The first half of the album is easily the weakest part of the album. The songs sound like a cross between Thom Yorke’s solo work on “The Eraser” and Radiohead’s “Amnesiac.” These songs could have easily been B-sides to either of those albums, but the music isn’t nearly as unsettling and interesting as the “The Eraser” or as inventive as “Amnesiac.”
The album highlights begin halfway through the album with “Lotus Flower” and “Codex”. The latter sounds almost like a spooky Coldplay (aka Radiohead-lite) concept. After half an album of cold and insular electronic sounds the warm piano chords are incredibly welcome. The second half of the album becomes less dense and easier to listen to.
As the shortest Radiohead album, “The King of Limbs” seems to end prematurely, every time “Separator” ends on my IPod I keep waiting for the next song to start. It is hard not to feel ripped-off by the album, not only is it short, but it seems to be populated with throwaway songs, songs that might have better suited on a B-side collection.

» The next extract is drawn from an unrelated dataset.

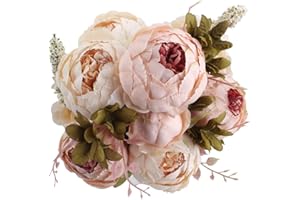 Ksnnrsng Flores Seda Peonía Artificiales para Boda Nupcial Partido Hogar Oficina de la Decoración de DIY (Ligero Rosado)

A lot of music critics have labeled “The King of Limbs” as an in-between album, one that represents an evolution from an old sound to a new one. This description seems like a way to try and excuse the albums mediocrity. The hard truth is that “The King of Limbs” seems to symbolize for the first time in their long and successful career that Radiohead is running out of new ideas and concepts.